## Data extract
☆ ☆ ☆ ☆

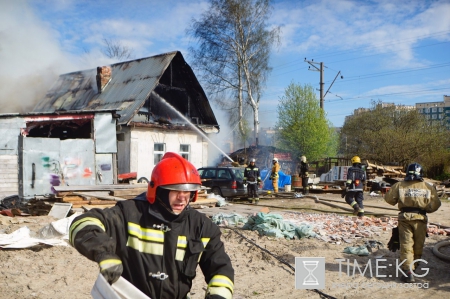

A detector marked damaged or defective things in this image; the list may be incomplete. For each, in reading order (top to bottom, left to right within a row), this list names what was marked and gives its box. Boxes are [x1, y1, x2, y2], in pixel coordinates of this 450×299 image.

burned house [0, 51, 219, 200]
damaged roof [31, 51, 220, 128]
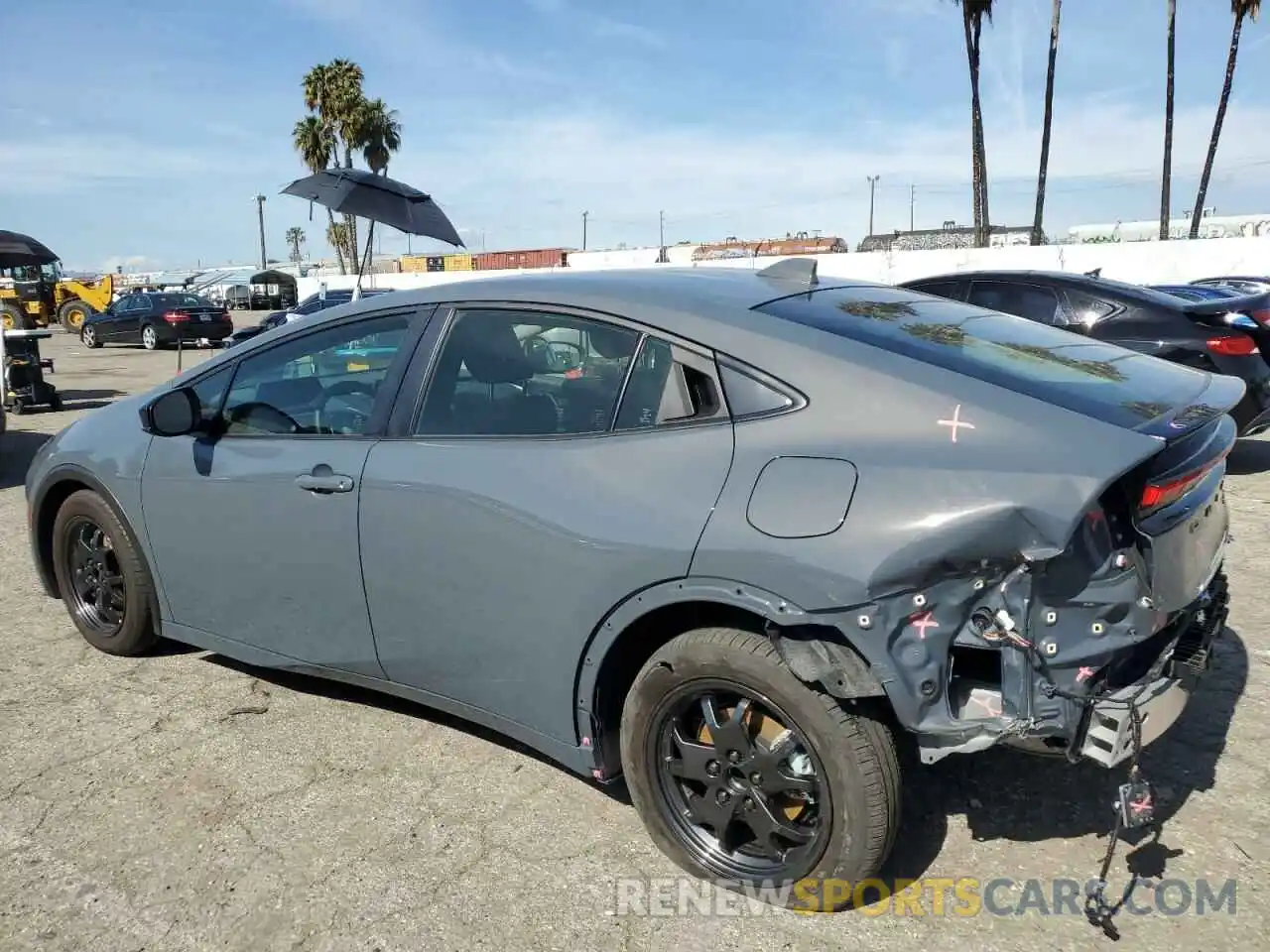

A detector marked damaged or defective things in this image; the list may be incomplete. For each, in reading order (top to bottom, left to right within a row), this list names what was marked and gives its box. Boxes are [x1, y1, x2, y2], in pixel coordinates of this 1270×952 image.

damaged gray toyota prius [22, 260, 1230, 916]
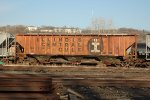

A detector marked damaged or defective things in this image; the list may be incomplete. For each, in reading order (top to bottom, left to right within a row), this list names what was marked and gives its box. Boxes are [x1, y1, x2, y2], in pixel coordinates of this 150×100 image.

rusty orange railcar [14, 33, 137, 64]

☆ ☆ ☆ ☆

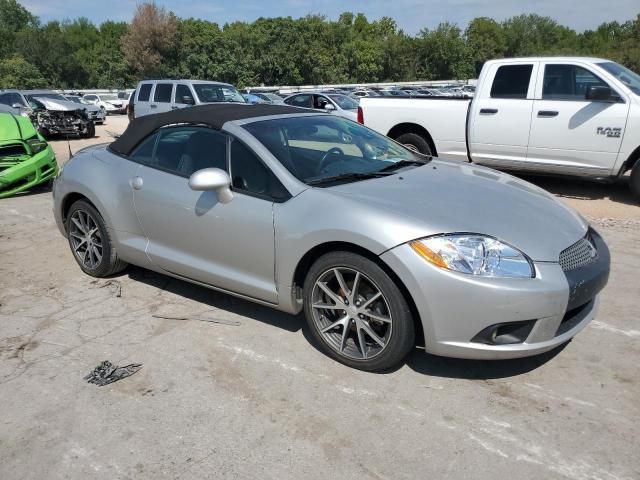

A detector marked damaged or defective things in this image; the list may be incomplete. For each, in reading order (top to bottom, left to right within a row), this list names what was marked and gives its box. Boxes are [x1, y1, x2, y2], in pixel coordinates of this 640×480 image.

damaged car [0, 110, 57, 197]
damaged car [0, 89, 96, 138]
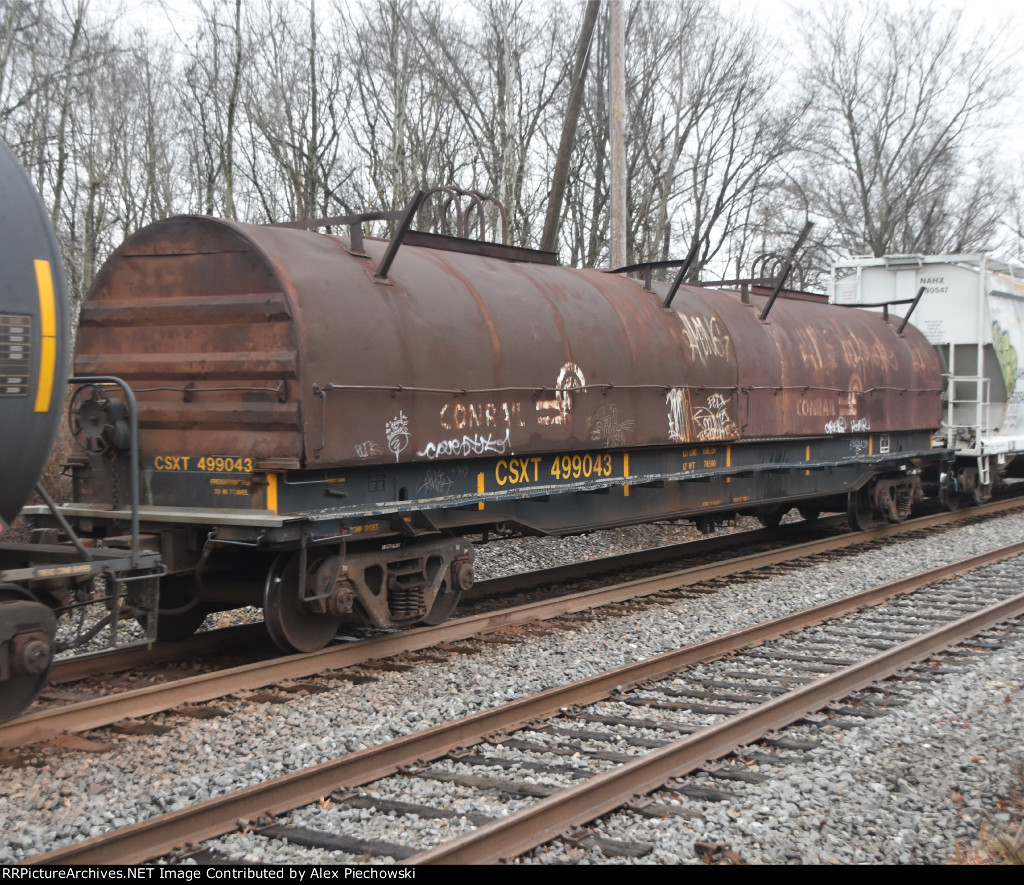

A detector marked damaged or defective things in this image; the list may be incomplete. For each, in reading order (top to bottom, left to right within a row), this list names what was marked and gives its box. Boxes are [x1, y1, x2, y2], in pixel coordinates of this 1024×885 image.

☆ ☆ ☆ ☆

## Task to complete
Please repeat the lines of the material above exactly, starting with the line that contains "this 640×480 image." and ending with the line that contains "this 1024×885 image.". Leave the pictures out.

## Answer to the problem
A detector marked damaged or defective things in this image; the list may be incomplete. For each, in reading order (top to bottom, left to right within a row), this list names what was marked and gives its box. Boxes are [x1, y1, x2, y2], in pixel coordinates of this 640×480 image.

damaged car [0, 110, 57, 197]
damaged car [0, 89, 96, 138]

A detector marked damaged or defective things in this image; the list may be incomplete. For each, in reading order (top to bottom, left to right within a row), this list names what was marked and gives its box. Boxes are [x1, y1, x2, y2], in pixel coordinates of this 1024×885 image.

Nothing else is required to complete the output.